One of the prime requirements of pastoral – and Whisky Galore! is a kind of pastoral, heavily laced with liquor – is that it should amble along with no sense of rush. But Mackendrick made it plain from the start of his career that movies were not made to hang around; none of his best work runs over a hundred minutes. Recalling Whisky Galore!, you find your memory studded with a set of images that could come from a gangster picture: figures in long coats striding through the night, the grille of a speeding black car shot from the level of the roadway, the murderous look of men denied their drink. Nobody gets hurt, of course, and none of this lunacy matters, but Mackendrick’s style pretends that it does – a flattering, suggestive joke that keeps the movie alight. It is one of the most efficient idylls in cinema; no wonder it was such a hit in New York (far more so than in London), despite being given the unfortunate title of Tight Little Island, which made it sound like alfresco porn.
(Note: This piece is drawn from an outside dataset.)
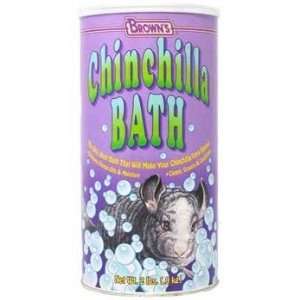  Chinchilla Bath Shampoos   2 lbs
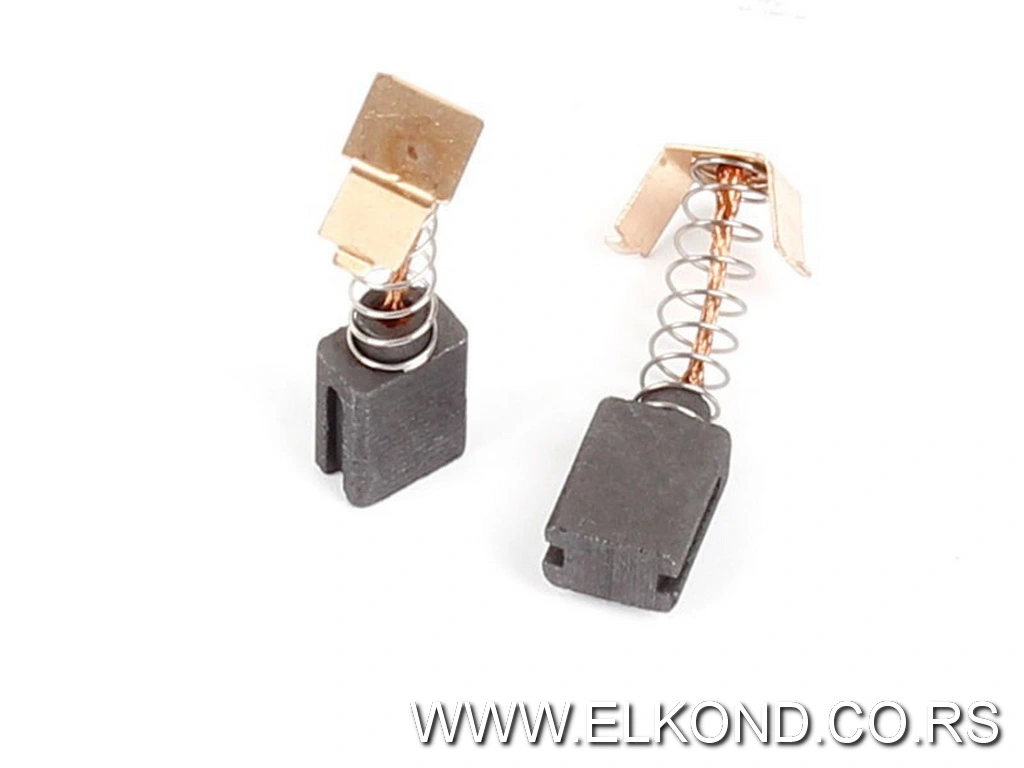 Ugljena četkica 5X8X12mm opruga TIP3 WOMAX 2/1 set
Audiences who remembered Prohibition, and the movies bred from it, could only warm to a sequence in which contraband bottles were stashed in drains, hidden in pies, and tucked under a baby in its crib.
Whisky Galore! is the first of five pictures that Mackendrick made for Ealing Studios, the others being The Man in the White Suit, Crash of Silence, High and Dry and The Ladykillers. Time has not been kind to Ealing and its productions, and with good reason; like most British movies, they feel like handy social documents rather than adventures in style. The left admires their civic solidarity and soft twinges of subversion, the right buys into their vision of an England run on deferential charm. This tiresome squabbling is fine for such tepid works as Passport to Pimlico and The Lavender Hill Mob, but it unfair to a man like Mackendrick, whose films repel all political intruders and snap at complacency wherever they find it. The Man in the White Suit, in which a young scientist (Alec Guinness) invents a fabric that never wears our, is careful to spot folly on every side: the unions fear for their jobs, the bosses for their profits, and nobody thinks of the public benefit. Put like that, the film sounds like a morality tale, a plea for balanced industrial relations, whereas the effect of watching it is actually to throw you off balance, and pull you into a bad dream. At one point, Guinncss – calm, upright, clinging like a spider to his unbreakable thread – walks backward down a wall. Later, at the climax, he is chased and encircled by a mob, which tears the luminous creation from his body as if plucking feathers off a chicken.
“A man of great charm but of astonished outrage at the wickedness of the world” – that is how Guinness summed up Mackendrick in the foreword to “Lethal Innocence,” Philip Kemp’s 1991 study of the director. The description fits the movies as well as the man, hinting at his peculiar courage – the courage of the artist who sets out to confront what appals him. In the mid-nineteen-fifties, Mackendrick was lured to America, and after a few false starts he ended up in New York, making Sweet Smell of Success. It has become a proper classic – not the kind that we look back on in fond remembrance but the kind that presses its claim upon us more urgently with every year. If the story of the columnist J. J. Hunsecker (Burt Lancaster) and the press agent Sidney Falco (Tony Curtis) had teeth in the days of Walter Winchell, just feel the force of its bite now; imagine the ride the two of them would take down the information superhighway. The plot of the movie is simple enough until you try to tell it, and then you get fouled up. Mackendrick and his screen writers, Clifford Odets and Ernest Lehman, throw a net of corruption over the whole city, so that you can’t work out what’s important: the quips of a cigarette girl sound like clues to a big mystery, but suicide barely rates as gossip.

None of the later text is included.